• WHAT TO WORK ON:
Would you retype the listing below word for word, without any of its pictures?

• PROVIDED MATERIAL:
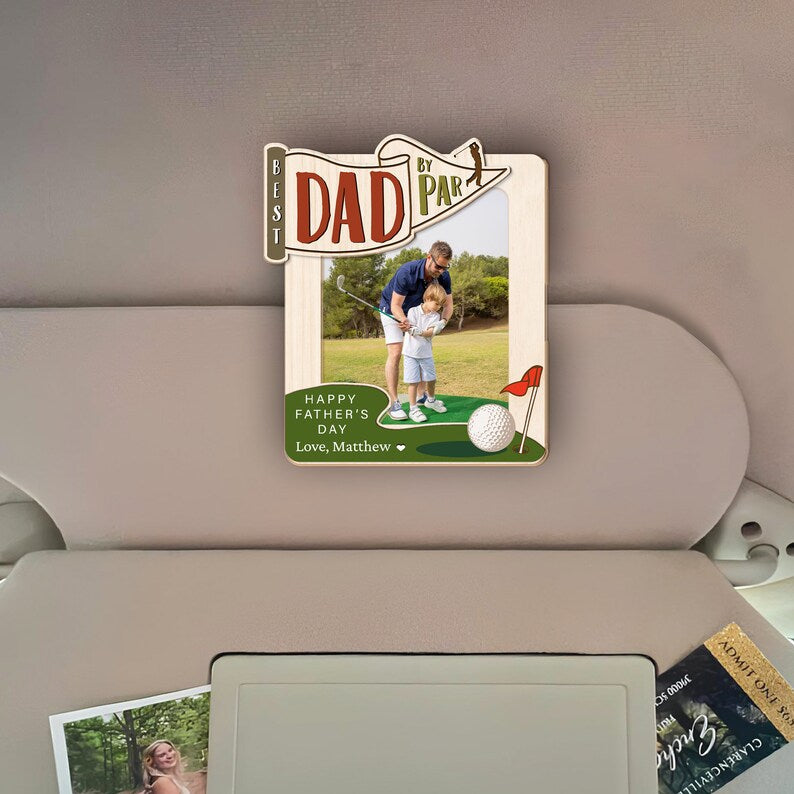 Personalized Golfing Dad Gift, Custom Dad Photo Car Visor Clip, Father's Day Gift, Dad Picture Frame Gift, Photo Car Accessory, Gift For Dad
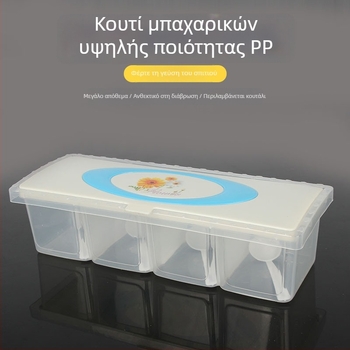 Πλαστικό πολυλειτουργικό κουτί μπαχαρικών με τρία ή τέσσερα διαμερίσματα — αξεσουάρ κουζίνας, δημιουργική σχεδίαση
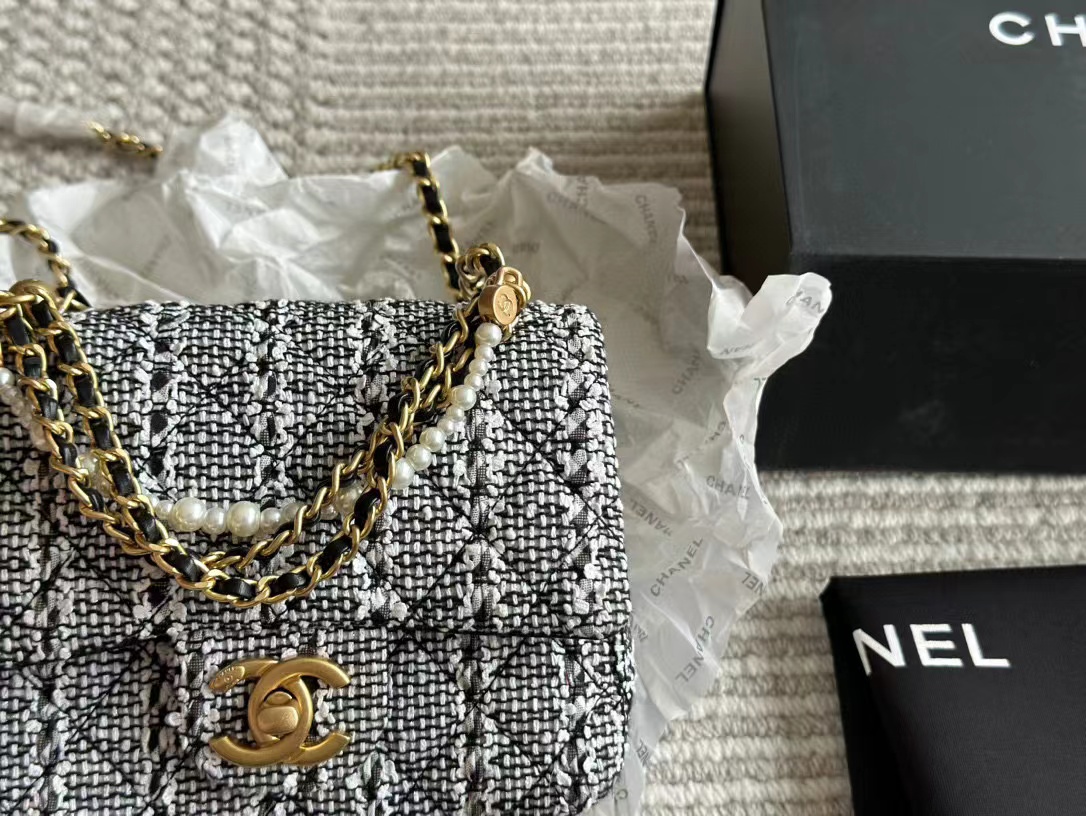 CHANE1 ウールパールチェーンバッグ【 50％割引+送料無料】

• EXERCISE ANSWER:
 Personalized Golfing Dad Gift, Custom Dad Photo Car Visor Clip, Father's Day Gift, Dad Picture Frame Gift, Photo Car Accessory, Gift For Dad
 Πλαστικό πολυλειτουργικό κουτί μπαχαρικών με τρία ή τέσσερα διαμερίσματα — αξεσουάρ κουζίνας, δημιουργική σχεδίαση
 CHANE1 ウールパールチェーンバッグ【 50％割引+送料無料】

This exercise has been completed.